What you will do
Find the line that holds "White Cotton Robes With Stripes And Letters", then repeat it and each line below it word for word through the end of the listing, leaving out pictures.

::: Records shown :::

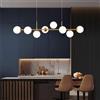 HSLJ1 Lampadario Lineare 8 Luci con Vetro Satinato Bianco e Metallo Oro | Lampadario a Sospensione Moderno con 8 Sfere in Vetro Bianco Latte, Altezza Regolabile, E27 per Sala da Pranzo e Isola Cucina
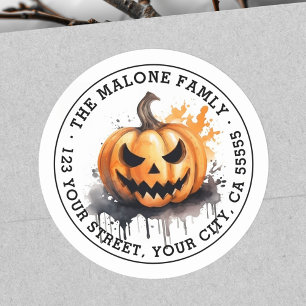 Spooky waterverf Jack-o-Lantern retouradres Ronde Sticker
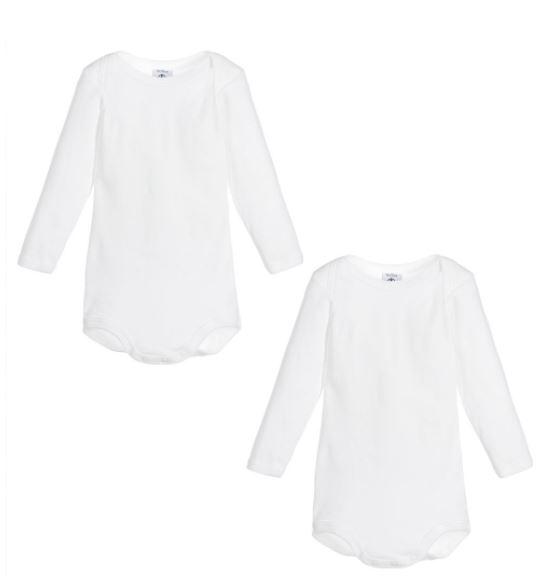 Petit Bateau White Cotton Long Sleeved Bodysuits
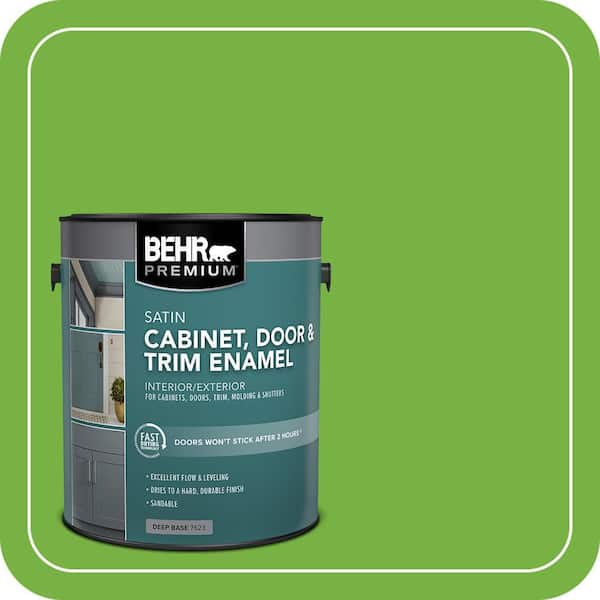 BEHR PREMIUM 1 gal. #S-G-430 Sparkling Apple Satin Enamel Interior/Exterior Cabinet, Door & Trim Paint (2)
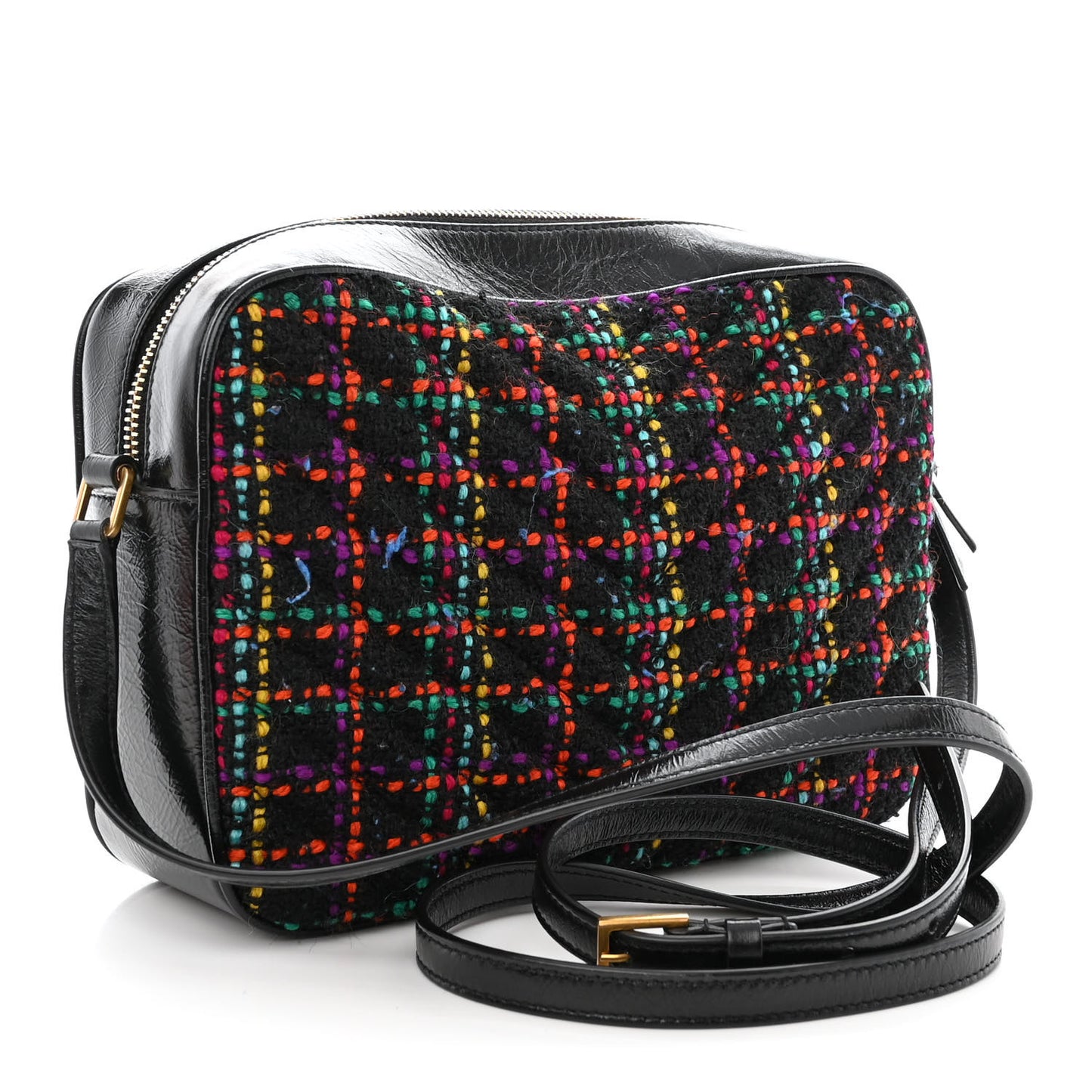 Tweed Calfskin Monogram Lou Camera Bag Black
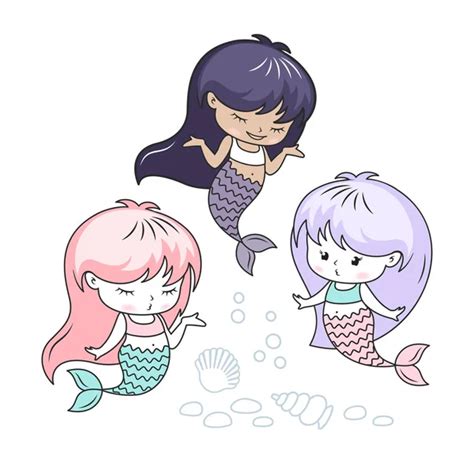 Vector Beautiful Cute Little Siren Mermaid With Sea Horse Hippocampus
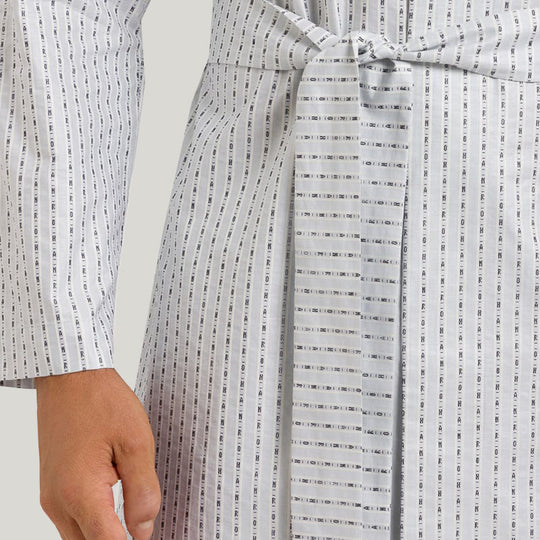 White Cotton Robes With Stripes And Letters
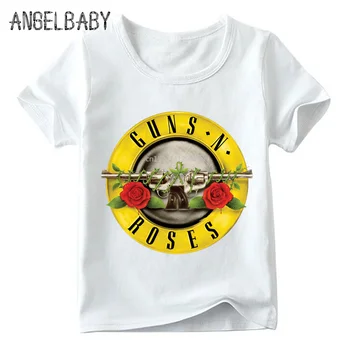 Vaikai Rock Band Gun N Roses, Print T shirt Vasaros Vaikų Hip-Hop Muzikos Topai Kūdikių Berniukų/Mergaičių Kaukolė Drabužiai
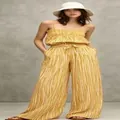 Summer style yellow striped smocked top and matching wide-leg trousers on model - S / Top And Bottom / Orange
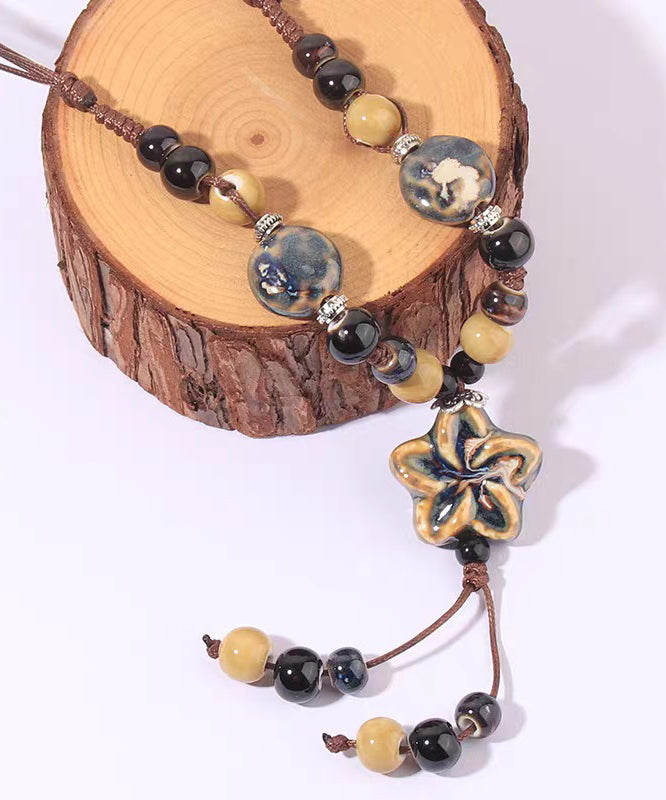 Handmade Coffee Alloy Wax Rope Ceramic Pendant Necklace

:::

Exercise output
 White Cotton Robes With Stripes And Letters
 Vaikai Rock Band Gun N Roses, Print T shirt Vasaros Vaikų Hip-Hop Muzikos Topai Kūdikių Berniukų/Mergaičių Kaukolė Drabužiai
 Summer style yellow striped smocked top and matching wide-leg trousers on model - S / Top And Bottom / Orange
 Handmade Coffee Alloy Wax Rope Ceramic Pendant Necklace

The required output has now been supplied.